Post # 1
- Wedding: May 2012 - Salvage One, Chicago
So Hubby-to-be and I got engaged in early September and I’ve been wondering about an engagement party, but I have no clue as to who throws it, what it should entail, who would be invited, what’s the real point, etc. Can you girls offer some advice? With the holidays coming up we’ll end up making all of the family rounds, so I don’t know if there is still a point to have a party or a night out to celebrate
Post # 3
Well, you have to announce your engagement somehow, so that when your friends and family-members hold THEIR weddings (or other formal events) they know that they have to send an invitation to your fiance, and they know whom to address it to, and where. Nowadays you can take care of that by changing your status on Facebook. But it’s more fun to do it by inviting everyone over for whatever kind of party folk in your social circle normally have — usually one of the larger such parties because you want to target as many people as possible — and then dropping the announcement into their midst at the height of the party.

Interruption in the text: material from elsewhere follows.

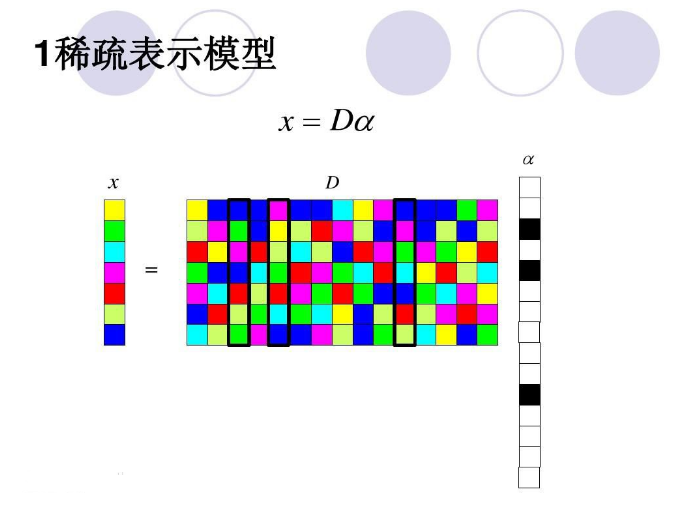 稀疏表达是什么意思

That’s the actual *traditional* way of doing an engagement party, and it gets around the “are gifts expected” question, because no-one knows that it’s an engagement party until after the fact. And, since (unknowing as they are) no-one is bringing presents or coming just to honour you, it is perfectly acceptable for you to throw the party. It is even a courteous thing to do, since it keeps everyone in the social loop, and prevents the passive-aggressive game of people gossiping about the rock on the newly-engaged girls’ fingers but not knowing how to ask about it, while the girls in return flash their rings hoping people notice but not wanting to be obvious and bring it up. Sigh: the olden days had so much less angsty drama!
Nowadays, engagement parties are often thrown as part of the cycle of wedding parties showcasing the bride-to-be (and her groom) and are mixed in with showers as a gift-gathering occasion that should be given in honour of the bride and groom by somebody else. I find that kind of engagement party a bit over-the-top and unnecessary — but if you HAVE already changed your facebook status, you’re too late for the traditional kind. It is a good alternative if you have complicated parental relationships: one set of estranged parents-and-steps can throw the engagement party and then keep their fingers out of the reception or rehearsal parties, so that everyone has their own little kingdom to rule over, and they don’t need to squabble over the wedding as a whole.
Post # 4
you can go out to celebrate your engagement, but don’t throw your own engagement party. it will look like a gift grab. someone should offer to host one for you.
Post # 5
We aren’t going to have an engagement party. Planning the wedding is enough! If someone, a close friend or something, had offered to host one, we wouldn’t have said no though (parents are out of the question since they live far away) – but whatever. I’m still a little confused about whether you can invite people to the e-party but not the wedding and I don’t want to offend anyone – so I guess another reason not to have one!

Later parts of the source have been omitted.